Paradoxalmente, a pergunta também faria sentido entre os questionamentos feitos pelo leitor Luiz Tálamo, 45, sobre a cobertura do atentado contra o ativista conservador Charlie Kirk. Para ele, “a Folha sempre desumaniza a direita”.
“Um ativista conservador, que sentava para discutir com pessoas de visões opostas e era aberto ao diálogo, foi morto com um tiro no pescoço. A Folha dá ênfase em criticar a vítima de crime de ódio (inclusive a esquerda dos EUA e brasileira estão comemorando abertamente) em vez de criticar o crime em si. Quantas vezes a Folha publicou a frase ‘extrema direita’ e quantas vezes publicou ‘extrema esquerda’?”

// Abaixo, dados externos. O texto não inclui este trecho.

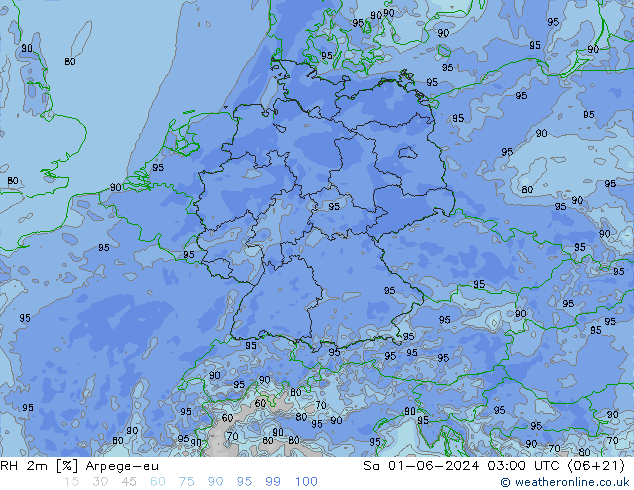 RH 2m Arpege-eu Sa 01.06.2024 03 UTC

Do outro lado do espectro ideológico, a Folha e os concorrentes eram criticados por haverem traduzido o texto do The New York Times em que o jornalista Ezra Klein afirmava que Kirk, apoiador de primeira hora de Donald Trump, “fazia política do jeito certo”.
A morte de Charlie Kirk produziu um impacto nos EUA cuja dimensão ainda está por ser medida. O vídeo de sua morte inundou as redes. Os frames desse registro foram parar nas capas da Folha, enquanto concorrentes diretos e jornais estrangeiros de prestígio escolheram não destacar as imagens. Veículos dos EUA discutiam justamente a velocidade com que o vídeo havia se espalhado e chegado a crianças.

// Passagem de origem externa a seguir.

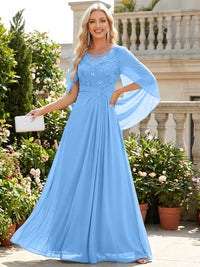 Chiffon Sheath/Column Scoop Neck Floor-Length Mother of the Bride & Groom Dresses with Lace Appliques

“Reconheço, como jornalista, a importância da notícia no panorama atual e o valor da imagem numa sociedade pautada pelo momento sensacional e efêmero embalado pelas redes sociais. Mas fotos como essas não podem ter como outro motivo senão o sensacionalismo barato, sem pensar na sensibilidade dos leitores de todas as idades”, afirma Marcelo Paes, 47. Para ele, a cena “deveria, no máximo, estar inserida no interior da notícia e após o aviso de ‘imagem forte’ ou coisa parecida”.

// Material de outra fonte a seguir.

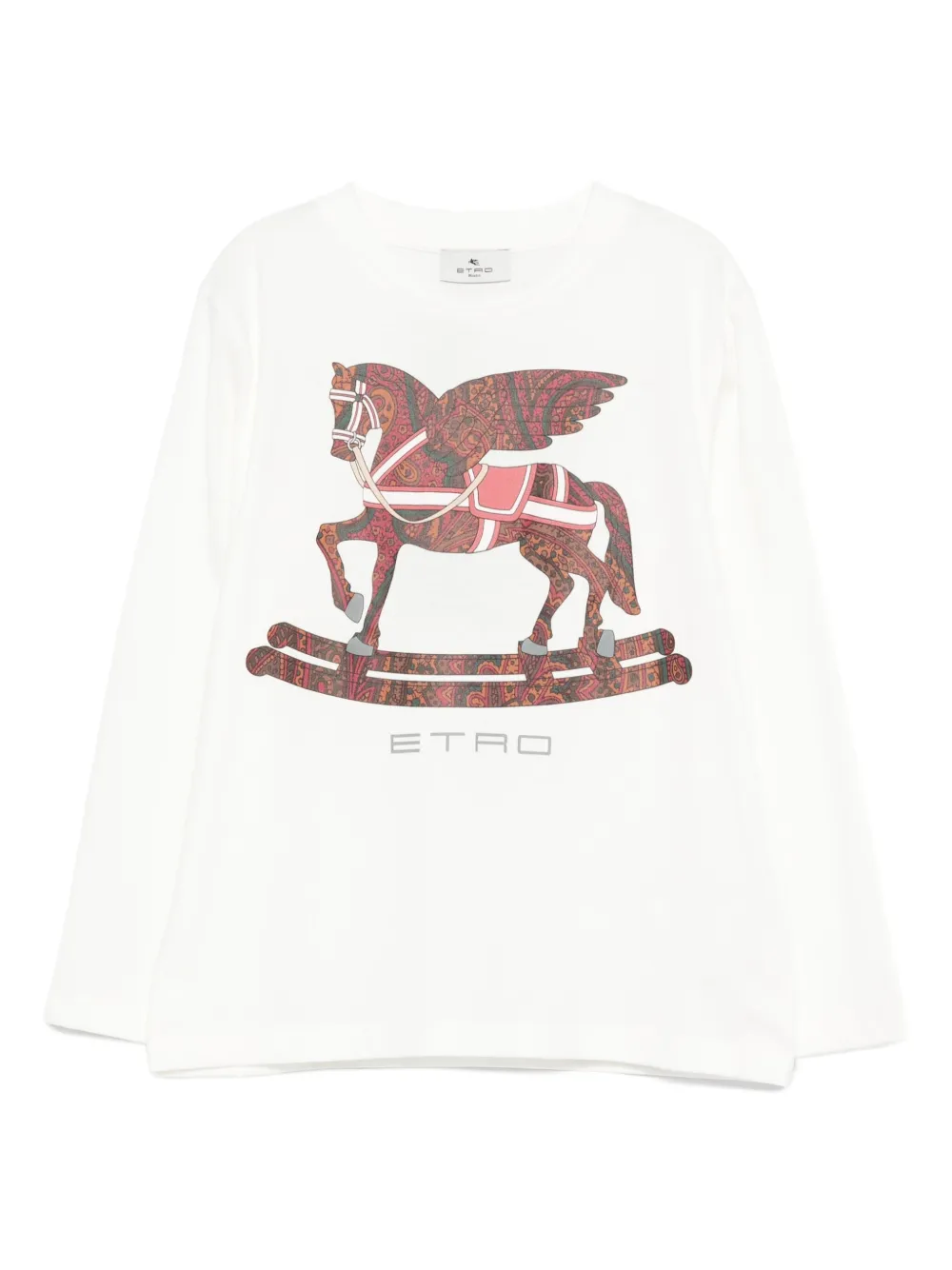

Топ Pegaso с длинными рукавами и принтом пейсли ETRO KIDS, белый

A ubiquidade da imagem, no entanto, coloca em xeque a curadoria dos jornais. David Bauder, repórter da Associated Press, observou que houve cuidado dos meios tradicionais para não mostrar o momento, preferindo imagens anteriores à morte e do pânico da plateia após o assassinato. “Em termos práticos, porém, pouco adiantou. Milhões de pessoas assistiram. (…) Ilustrou como o papel de ‘gatekeeper’ das organizações de notícias mudou.”
Para Marcelo, porém, a questão vai além. “Acho que a mídia ainda tem a responsabilidade de dar o bom exemplo, não necessariamente não mostrando, mas colocando barreiras. Pode ser uma visão à moda antiga? Pode ser, mas quem pauta o que é correto não pode ser a Meta, Amazon, Google, ByteDance etc., que vivem (por enquanto) num território meio nebuloso.”
Tendo a defender a publicação das imagens por seu aspecto jornalístico, mas a discussão sobre sensibilidade e sensacionalismo é mais necessária do que nunca. Como publicar, nesses casos, é tão importante quanto o que publicar. Talvez ainda seja uma vantagem da mídia tradicional oferecer ao leitor a possibilidade de escolher não ver imagens de um assassinato em tempo real.
Kirk também representava outra mudança na mídia, como lembra artigo no The Hill. Ele “esteve na vanguarda da conquista de espaços midiáticos independentes pelo movimento conservador”, com podcasts e vídeos consumidos aos milhões. “A atual safra de influenciadores do MAGA — alguns dos quais agora aparecem em coletivas de imprensa na Casa Branca— são herdeiros do ecossistema que ele construiu.”